Quantum Bridge has been selling to telecom and cable carriers going after office parks as well as the multitenant residential market, but the vendor's pure PON platform limited its appeal, says Aberdeen Group analyst Andy McCormick. "In the business market, they like dedicated circuits," he says.

A newer start-up, Connecticut firm Kenetec, has its own take on the MTU market, noting that most vendors for MTU common wiring closets aren't the same ones supplying tenants with integrated access devices. So Kenetec has introduced a coordinated family of switching equipment that creates what it dubs a "Services-oriented Building Area Network," or SBAN.

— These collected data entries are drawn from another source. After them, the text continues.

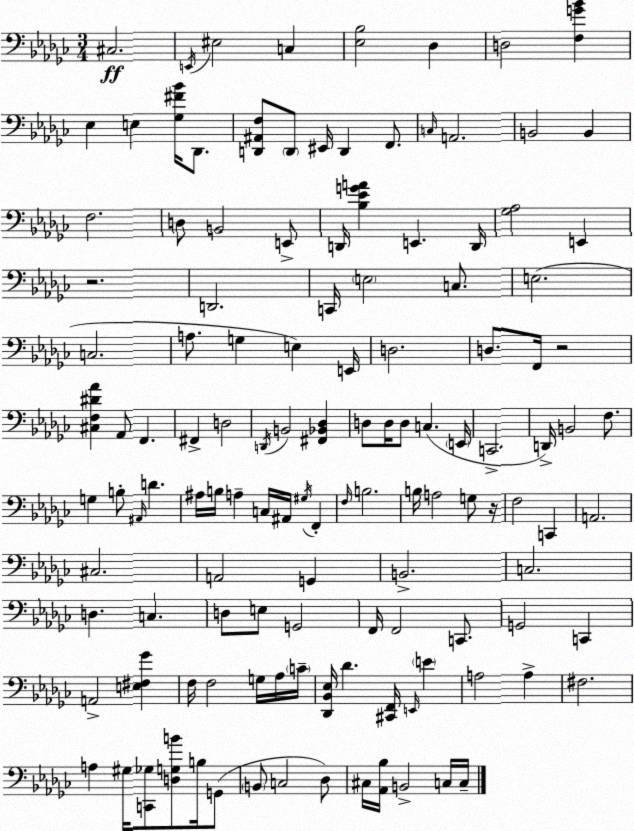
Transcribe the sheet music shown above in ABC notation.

X:1
T:Untitled
M:3/4
L:1/4
K:Ebm
^C,2 E,,/4 ^E,2 C, [_E,_B,]2 _D, D,2 [F,G_B] _E, E, [_G,^F_B]/4 _D,,/2 [D,,^A,,F,]/2 D,,/2 ^E,,/4 D,, F,,/2 C,/4 A,,2 B,,2 B,, F,2 D,/2 B,,2 E,,/2 D,,/4 [_B,_EGA] E,, D,,/4 [_G,_A,]2 E,, z2 D,,2 C,,/4 E,2 C,/2 E,2 C,2 A,/2 G, E, E,,/4 D,2 D,/2 F,,/4 z2 [^C,F,^D_A] _A,,/2 F,, ^F,, D,2 D,,/4 B,,2 [^F,,_B,,_D,] D,/2 D,/4 D,/2 C, E,,/4 C,,2 D,,/4 B,,2 F,/2 G, B,/2 ^A,,/4 D ^A,/4 B,/4 A, C,/4 ^A,,/4 ^G,/4 F,, F,/4 B,2 B,/4 A,2 G,/2 z/4 F,2 C,, A,,2 ^C,2 A,,2 G,, B,,2 C,2 D, C, D,/2 E,/2 G,,2 F,,/4 F,,2 C,,/2 G,,2 C,, A,,2 [E,^F,_G] F,/4 F,2 G,/4 _A,/4 C/4 [_D,,_B,,_E,]/4 _D [^C,,F,,]/4 E,,/4 E A,2 A, ^F,2 A, ^G,/4 [C,,_G,]/2 [D,G,B]/2 B,/4 G,,/2 B,,/2 C,2 _D,/2 ^C,/4 [_A,,_B,]/4 B,,2 C,/4 C,/4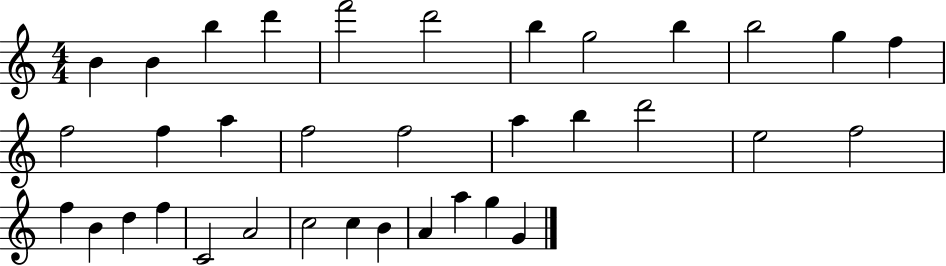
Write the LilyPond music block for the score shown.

{
  \clef treble
  \numericTimeSignature
  \time 4/4
  \key c \major
  b'4 b'4 b''4 d'''4 | f'''2 d'''2 | b''4 g''2 b''4 | b''2 g''4 f''4 | \break f''2 f''4 a''4 | f''2 f''2 | a''4 b''4 d'''2 | e''2 f''2 | \break f''4 b'4 d''4 f''4 | c'2 a'2 | c''2 c''4 b'4 | a'4 a''4 g''4 g'4 | \break \bar "|."
}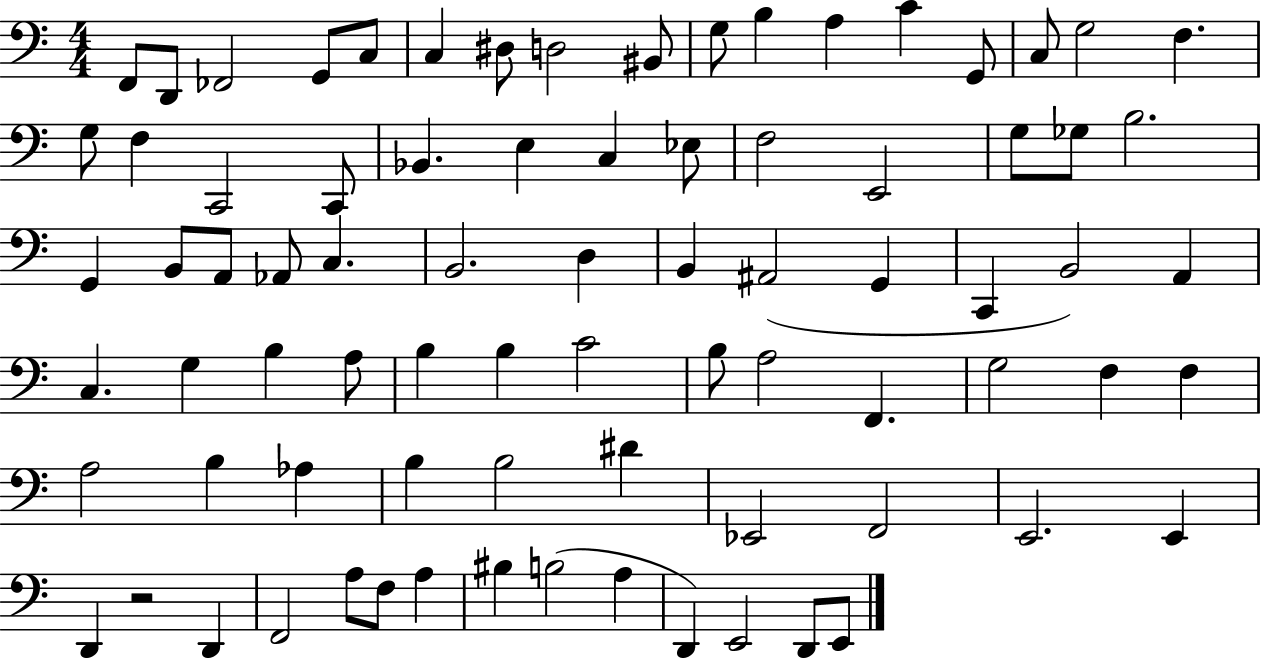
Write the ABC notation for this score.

X:1
T:Untitled
M:4/4
L:1/4
K:C
F,,/2 D,,/2 _F,,2 G,,/2 C,/2 C, ^D,/2 D,2 ^B,,/2 G,/2 B, A, C G,,/2 C,/2 G,2 F, G,/2 F, C,,2 C,,/2 _B,, E, C, _E,/2 F,2 E,,2 G,/2 _G,/2 B,2 G,, B,,/2 A,,/2 _A,,/2 C, B,,2 D, B,, ^A,,2 G,, C,, B,,2 A,, C, G, B, A,/2 B, B, C2 B,/2 A,2 F,, G,2 F, F, A,2 B, _A, B, B,2 ^D _E,,2 F,,2 E,,2 E,, D,, z2 D,, F,,2 A,/2 F,/2 A, ^B, B,2 A, D,, E,,2 D,,/2 E,,/2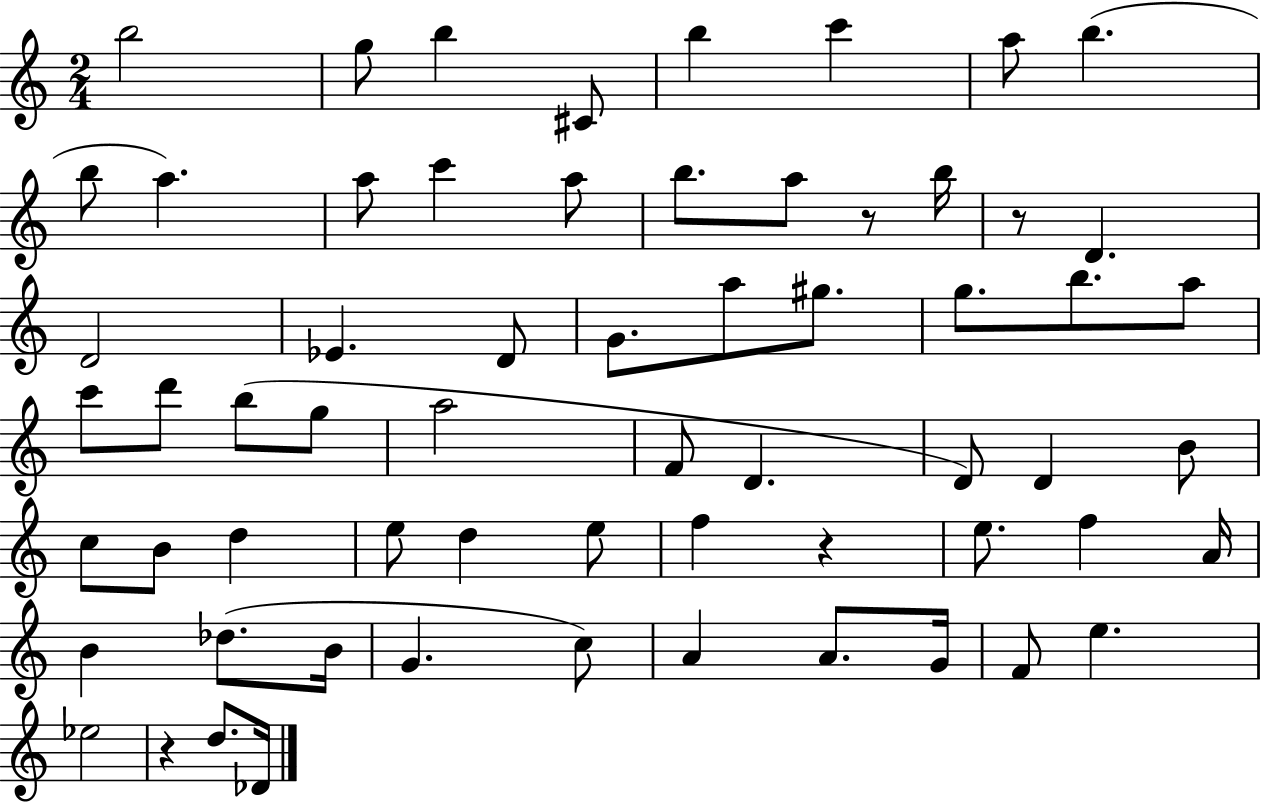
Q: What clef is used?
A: treble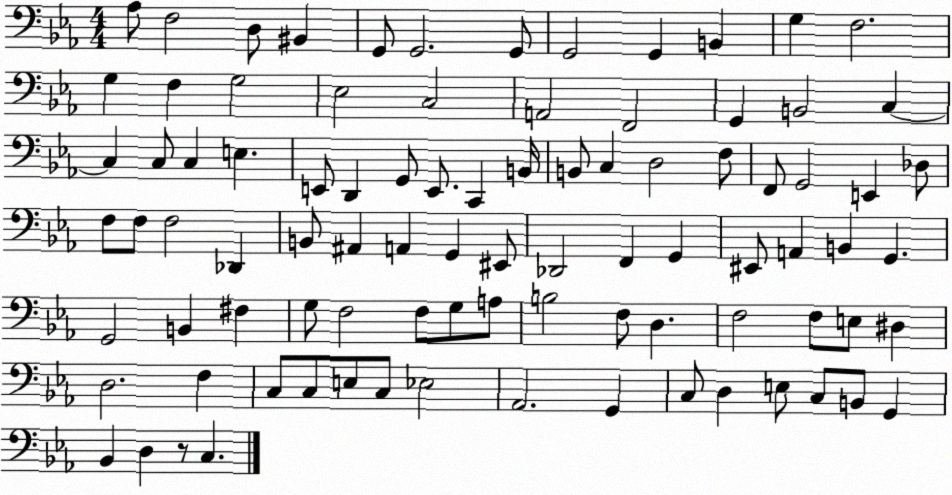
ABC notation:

X:1
T:Untitled
M:4/4
L:1/4
K:Eb
_A,/2 F,2 D,/2 ^B,, G,,/2 G,,2 G,,/2 G,,2 G,, B,, G, F,2 G, F, G,2 _E,2 C,2 A,,2 F,,2 G,, B,,2 C, C, C,/2 C, E, E,,/2 D,, G,,/2 E,,/2 C,, B,,/4 B,,/2 C, D,2 F,/2 F,,/2 G,,2 E,, _D,/2 F,/2 F,/2 F,2 _D,, B,,/2 ^A,, A,, G,, ^E,,/2 _D,,2 F,, G,, ^E,,/2 A,, B,, G,, G,,2 B,, ^F, G,/2 F,2 F,/2 G,/2 A,/2 B,2 F,/2 D, F,2 F,/2 E,/2 ^D, D,2 F, C,/2 C,/2 E,/2 C,/2 _E,2 _A,,2 G,, C,/2 D, E,/2 C,/2 B,,/2 G,, _B,, D, z/2 C,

Kenetec's family begins with the Edge Xpress 1000 Service Access Unit, which provides a combination of plain old telephone service telephony, voice over IP or voice over ATM, plus 100M bit/data access. That connects with the EdgeXpress 5000 Series Service Exchange Platform -- a family of four-, eight- and 17-slot access aggregators with a range of NxT-1, T-3, OC-3 and wireless WAN interfaces. The two boxes together coordinate IP and ATM class-of-service tagging.

The EdgeXpress 1000 starts at $2,395 and the EdgeXpress 5000 at $28,995. Kenetec also offers the EdgeManager Service Provisioning System at $9,995.